Erickson was known as a "young, energetic, charismatic, pistol-packing" priest. (Erickson owned 16 guns and was known for his good aim.) He was "ultra-conservative" and "passionate" about two issues: his opposition to abortion and to homosexuality. When celebrating mass he was known to disdain the "orgy of handshaking and hugs" of contemporary Catholic masses. During the consecration of the host, he would dramatically hold the eucharist aloft, over his head "for a minute" with tears rolling down his cheeks.

An example of his concern for the temptations of the flesh was expressed in a "thought for the day" e-mail to his supporters at St. Patrick's church: "Even Sunday Mass is not safe from the immodest dress of some devils. They come to read, give out Holy Communion, etc....looking like an advertisement. There [sic] immodest dress says to all present: I'm easy! Please go home and masturbate to my beautiful body. The sad thing is that some do."

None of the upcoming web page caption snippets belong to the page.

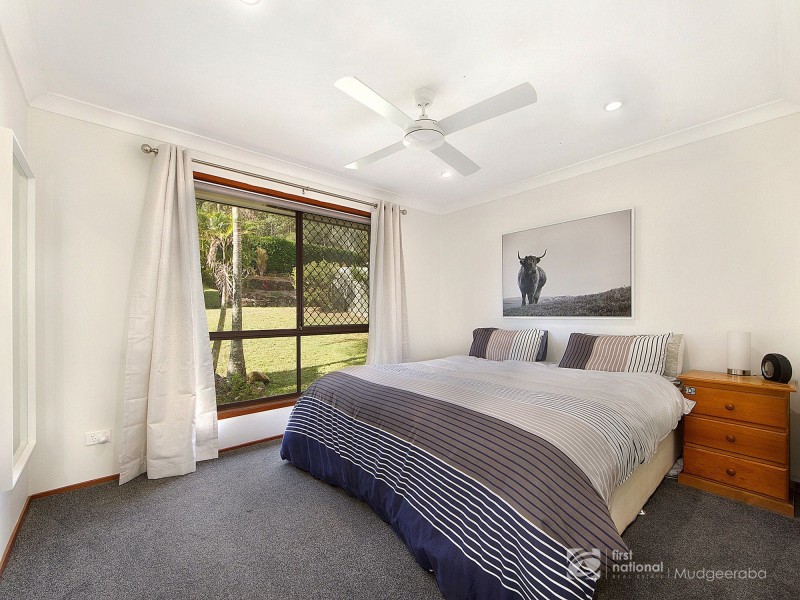 33 Moonbeam Parade, Mudgeeraba QLD 4213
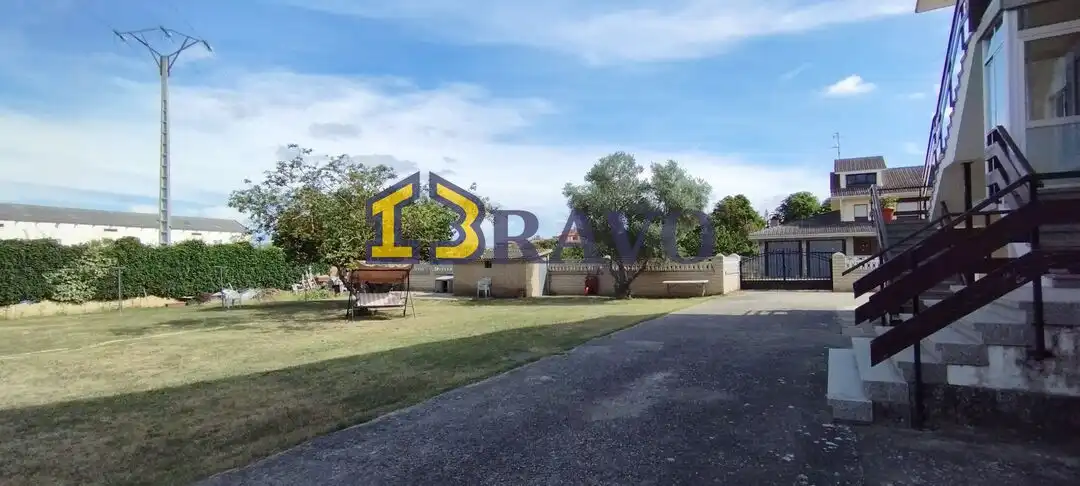 Vista exterior de Dúplex en venta en Medina de Pomar con Calefacción, Jardín privado y Terraza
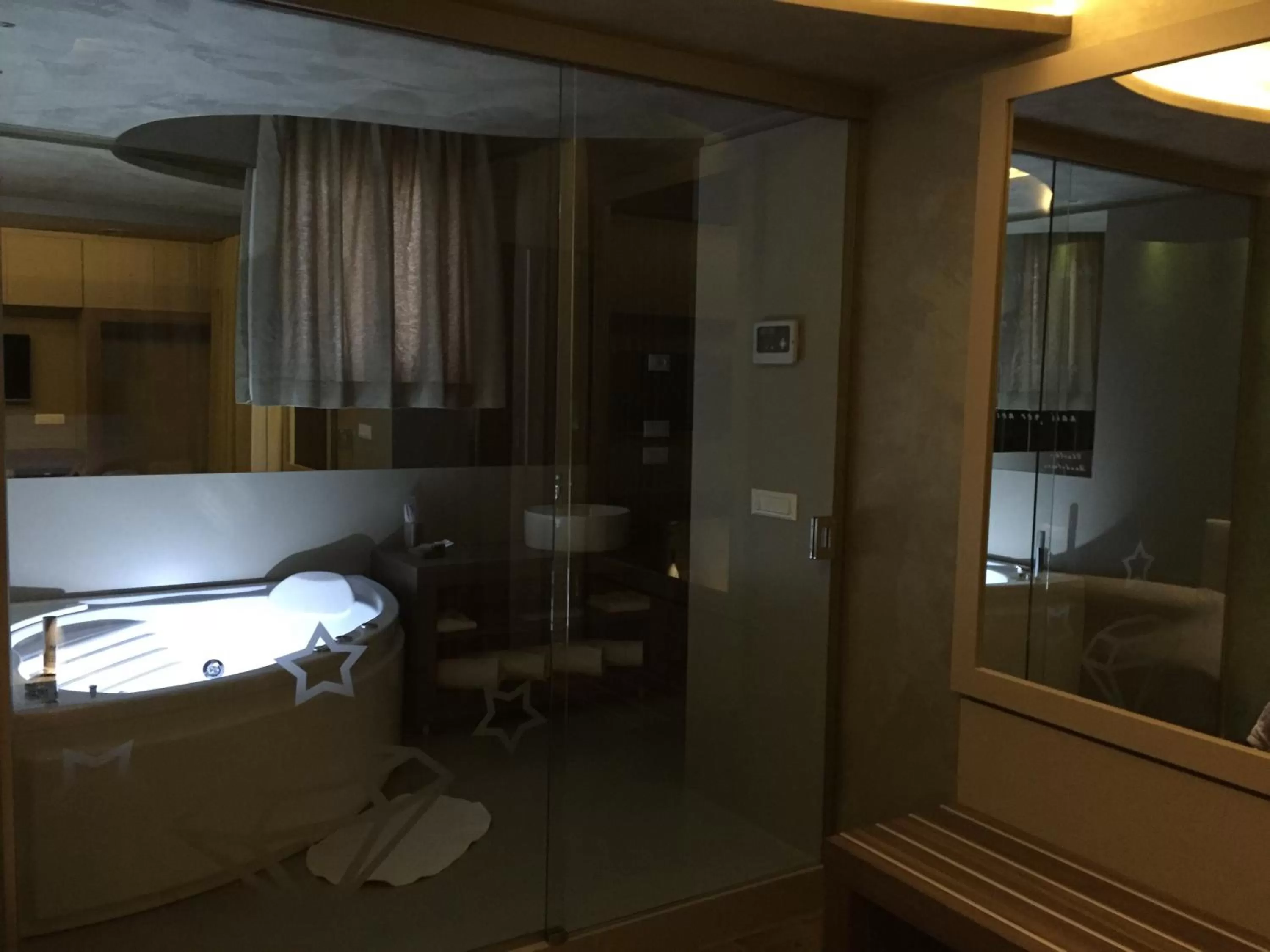 Bathroom, Bed in Hotel Smeraldo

Erickson's strict, conservative views led to tensions with more liberal Catholics at St. Patrick's church and the resignation of the principal at the school, but the priest also had his share of supporters.

According to investigators’ reports conducted after his suicide, there was another side of Erickson's personality. "When Erickson was 6 years old, he had sexual contact with a 4-year-old male cousin; when he was 19, he had sexual contact with a 14-year-old boy; when he was 21, he was investigated for allegedly sexually assaulting a boy at a summer resort."

According to Raphael Michael Fliss—bishop of the Roman Catholic Diocese of Superior at the time—the diocese was informed of allegations of inappropriate sexual behavior by Erickson in 1992, but an investigation by Catholic authorities of Erickson concluded that he “does not appear to be predatory or exploitative in his overall orientation, and he does not seem to be a high risk for acting in a sexually aggressive or manipulative manner in the future”. Erickson "was allowed to enter St. Paul Seminary," (he had already been admitted provisionally) ordained in June 2000 and assigned to St. Patrick's Church in Hudson, Wisconsin about 20 miles from St. Paul, Minnesota.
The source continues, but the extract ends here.